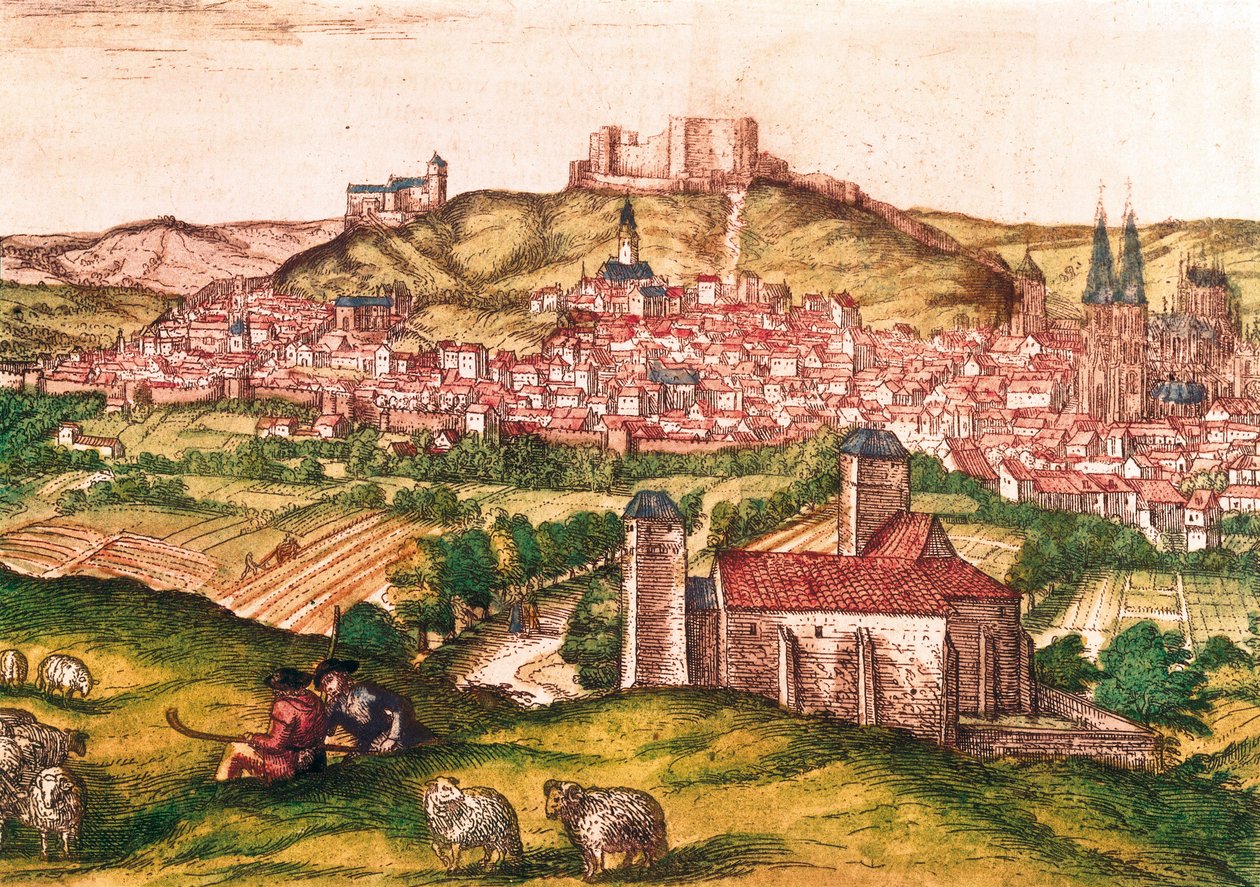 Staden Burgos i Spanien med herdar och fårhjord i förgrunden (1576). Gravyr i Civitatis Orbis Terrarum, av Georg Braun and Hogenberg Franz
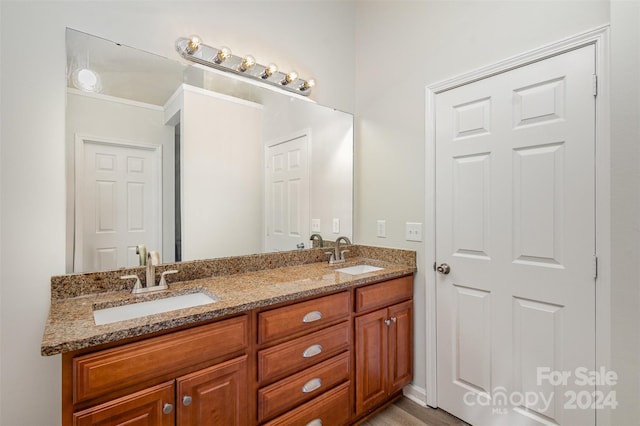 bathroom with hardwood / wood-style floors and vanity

==

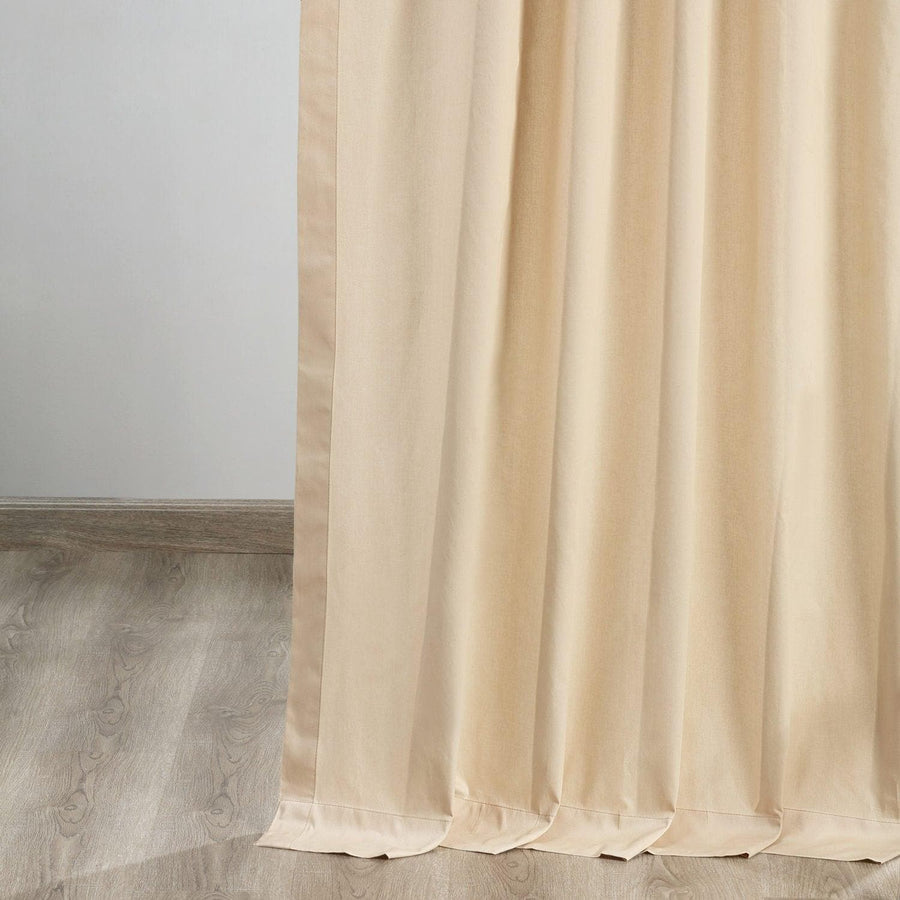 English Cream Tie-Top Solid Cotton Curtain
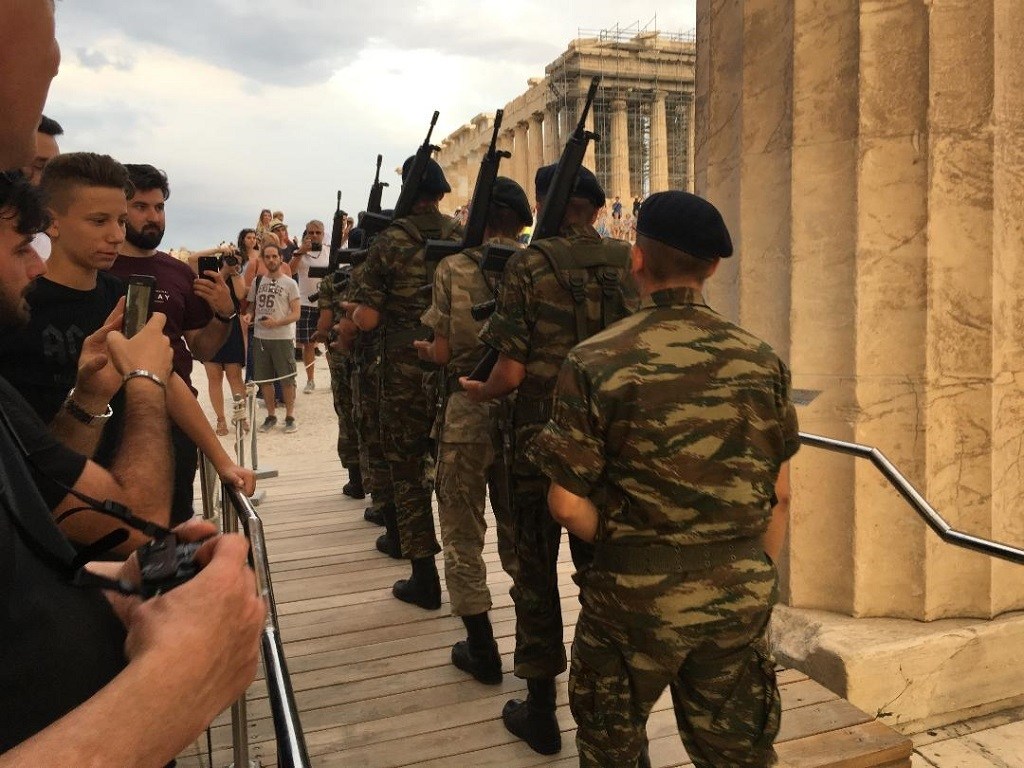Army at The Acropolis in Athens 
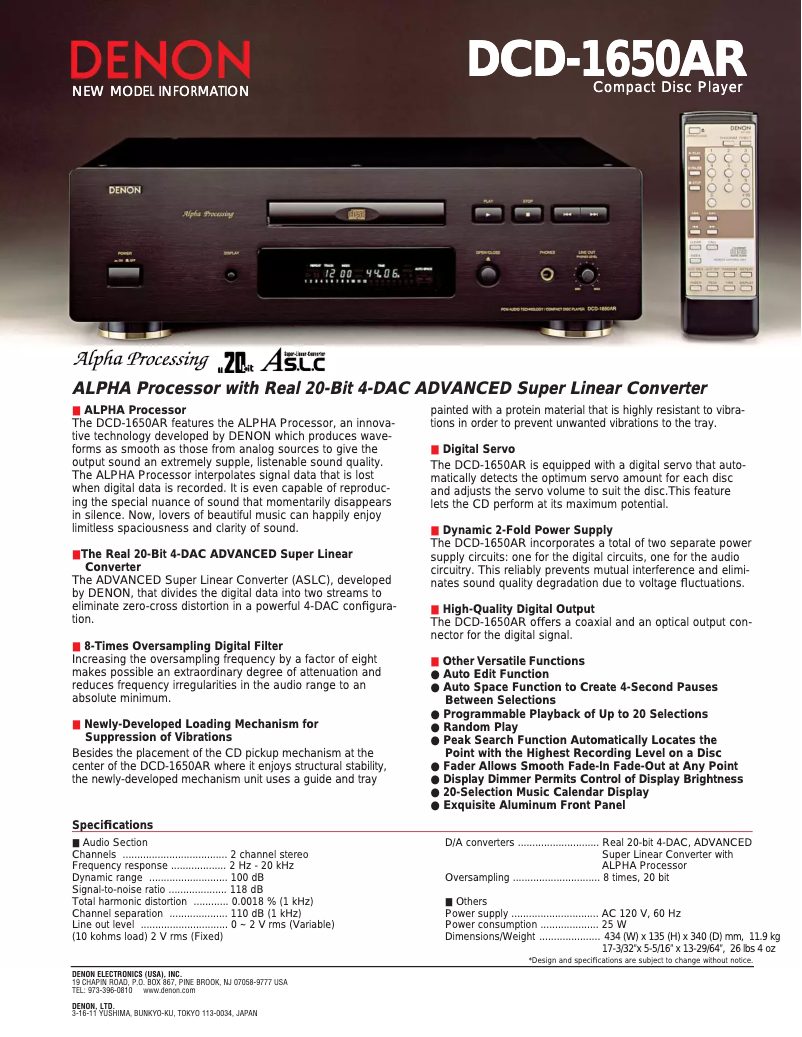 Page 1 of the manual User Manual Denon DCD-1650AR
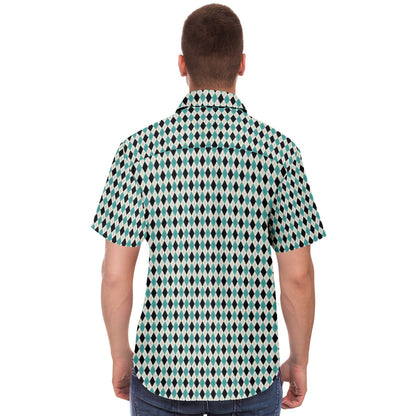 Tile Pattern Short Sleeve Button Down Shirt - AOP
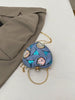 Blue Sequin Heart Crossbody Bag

BRIEF: Given the entries above, transcribe exactly the lines from the one holding "Page 1 of the" through the one holding "Blue Sequin Heart Crossbody Bag"; pictures do not belong in the transcription.

OUTPUT OF THE TASK:
 Page 1 of the manual User Manual Denon DCD-1650AR
 Tile Pattern Short Sleeve Button Down Shirt - AOP
 Blue Sequin Heart Crossbody Bag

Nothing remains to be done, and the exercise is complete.